**ASSIGNED TASK**: Could you find every line in the entries below that holds the word "Blue" and copy it?

**EXTRACTED DATA**:
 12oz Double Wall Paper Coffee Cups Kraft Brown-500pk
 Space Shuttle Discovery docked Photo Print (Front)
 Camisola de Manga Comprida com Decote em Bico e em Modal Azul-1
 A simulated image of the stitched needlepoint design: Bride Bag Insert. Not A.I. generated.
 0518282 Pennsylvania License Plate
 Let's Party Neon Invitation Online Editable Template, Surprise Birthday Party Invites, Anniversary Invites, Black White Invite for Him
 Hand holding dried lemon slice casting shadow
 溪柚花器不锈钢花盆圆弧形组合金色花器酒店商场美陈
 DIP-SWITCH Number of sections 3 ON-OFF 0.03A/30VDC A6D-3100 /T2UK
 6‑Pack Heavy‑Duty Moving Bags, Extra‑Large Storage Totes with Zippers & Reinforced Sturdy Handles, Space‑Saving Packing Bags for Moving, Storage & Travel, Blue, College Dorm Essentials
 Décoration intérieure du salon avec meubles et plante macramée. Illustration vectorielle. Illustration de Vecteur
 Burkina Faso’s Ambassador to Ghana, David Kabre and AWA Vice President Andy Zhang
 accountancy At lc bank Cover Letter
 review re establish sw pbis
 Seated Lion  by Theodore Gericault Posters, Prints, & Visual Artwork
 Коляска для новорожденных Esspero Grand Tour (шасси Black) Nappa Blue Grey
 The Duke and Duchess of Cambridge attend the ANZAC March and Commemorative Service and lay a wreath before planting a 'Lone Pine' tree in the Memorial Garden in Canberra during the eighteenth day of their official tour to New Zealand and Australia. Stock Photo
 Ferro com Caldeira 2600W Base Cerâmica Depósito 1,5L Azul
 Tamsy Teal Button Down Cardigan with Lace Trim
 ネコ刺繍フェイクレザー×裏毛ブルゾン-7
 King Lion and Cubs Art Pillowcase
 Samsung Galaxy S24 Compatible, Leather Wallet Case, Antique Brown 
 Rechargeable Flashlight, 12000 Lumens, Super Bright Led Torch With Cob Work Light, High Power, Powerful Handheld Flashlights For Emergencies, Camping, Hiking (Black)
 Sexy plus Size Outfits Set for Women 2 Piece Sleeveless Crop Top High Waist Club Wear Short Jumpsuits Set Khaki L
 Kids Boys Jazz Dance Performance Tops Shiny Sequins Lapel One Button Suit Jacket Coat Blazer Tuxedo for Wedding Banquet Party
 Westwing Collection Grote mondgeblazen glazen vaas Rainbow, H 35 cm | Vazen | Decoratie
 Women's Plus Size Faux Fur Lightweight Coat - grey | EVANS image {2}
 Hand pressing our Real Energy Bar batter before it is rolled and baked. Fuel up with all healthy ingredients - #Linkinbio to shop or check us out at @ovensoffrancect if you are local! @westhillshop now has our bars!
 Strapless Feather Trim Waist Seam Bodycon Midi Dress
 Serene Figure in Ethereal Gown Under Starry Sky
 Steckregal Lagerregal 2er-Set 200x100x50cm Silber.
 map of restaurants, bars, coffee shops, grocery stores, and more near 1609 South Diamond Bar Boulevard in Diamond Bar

**OUTPUT OF THE EXERCISE**:
 6‑Pack Heavy‑Duty Moving Bags, Extra‑Large Storage Totes with Zippers & Reinforced Sturdy Handles, Space‑Saving Packing Bags for Moving, Storage & Travel, Blue, College Dorm Essentials
 Коляска для новорожденных Esspero Grand Tour (шасси Black) Nappa Blue Grey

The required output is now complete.